David Fauquemberg (Traduction)

Les fils de la mémoire…

Romancier, né en 1971 au Guatemala, Eduardo Halfon, après une jeunesse aux Etats-Unis, est revenu dans son pays natal, pour y enseigner à l’université la littérature. Il vit aujourd’hui à Forcalquier. Canción peut apparaitre comme la suite de Deuils qui, en 2018, avait reçu le prix Sofitel du meilleur livre étranger.
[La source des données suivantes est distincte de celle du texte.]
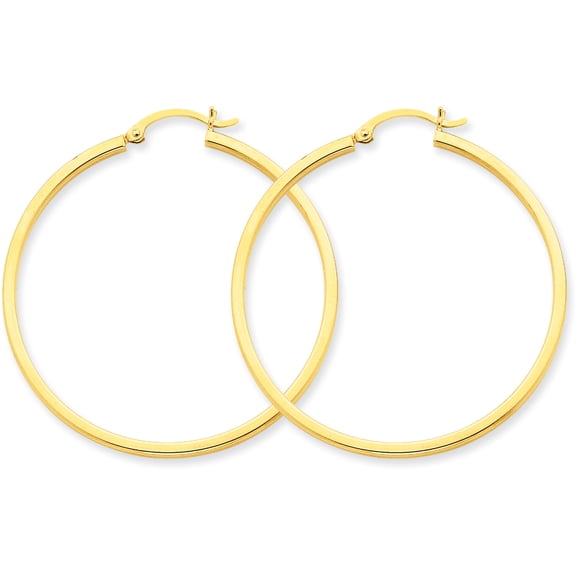 Primal Gold 14 Karat Yellow Gold 2mm Square Tube Hoop Earrings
Eduardo Halfon est un conteur talentueux qui entraîne son lecteur dans des univers lointains, violents, pris par l’absurdité du monde, avec l’humour pour défense. Le récit n’est pas véritablement linéaire, mais plonge au coeur des souvenirs de l’auteur ; passé et présent se succèdent et le lecteur ne peut que suivre, comme au Japon lorsque, lors d'un congrès d’écrivains libanais, Eduardo Halfon narre un épisode de la guérilla guatémaltèque, sans aucun rapport avec les attentes de son auditoire captif.

La figure centrale est celle du grand-père, venu de Beyrouth, qui a assis sa fortune dans le Guatemala de l’après guerre : «Mes grands-parents vivaient dans un palais. A mes yeux, en tout cas, c’était un palais». A la naissance du narrateur, dans les années 1970, le Guatemala vit une situation de guerre civile dont son grand-père fera les frais en étant enlevé un jour par des guérilleros qui le relâcheront contre rançon. Cet événement - central sans l’être vraiment - est le fil du récit.
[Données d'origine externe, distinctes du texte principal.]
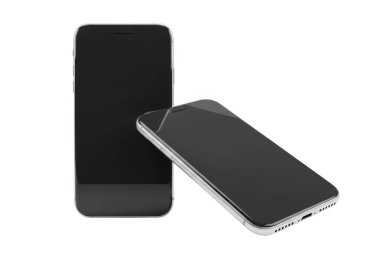 Görüntü yan yana yerleştirilmiş iki şık akıllı telefonu gösteriyor. Bir telefon dik, diğeri sırt üstü yatarken, her ikisi de minimalist tasarımlarını ince bezelyeler ve parlak bir kaplamayla sergiliyor. Ekranlar siyah, bu da siyah olduklarını gösterir.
Eduardo Halfon raconte le Guatemala de cette période troublée, mais également la vie d’un clan familial heureux ; passent des figures féminines, belles et mystérieuses, la cousine Bérénice, la mère de Bérénice à qui l’oncle Salomon lit l’avenir dans le marc de café, avenir dont il ne dira rien ; la Rogeria, belle guérillera, la femme aux marimbas, Aiko la japonaise dont le grand-père est un survivant d’Hiroshima, qui en a gardé à vie la trace dans sa peau. A chacun son grand-père. Celui d’Eduardo Halfon lui a légué son nom et son papier à lettres, son histoire aussi, du moins en partie…

L'auteur déroule précautionneusement les fils de la mémoire, de sa mémoire, de la mémoire familiale, et donne de façon intrigante à ce beau récit le nom - Canción - d’un des kidnappeurs de son grand-père. A rapprocher de la phrase de Baudelaire, mise en exergue : «Il serait peut-être doux d’être alternativement victime et bourreau». Se pose aussi la question de l’identité, dès la première phrase : «J’arrivai à Tokyo déguisé en Arabe».

Un récit habilement mené, qui, par brèves touches, émeut, intrigue, séduit.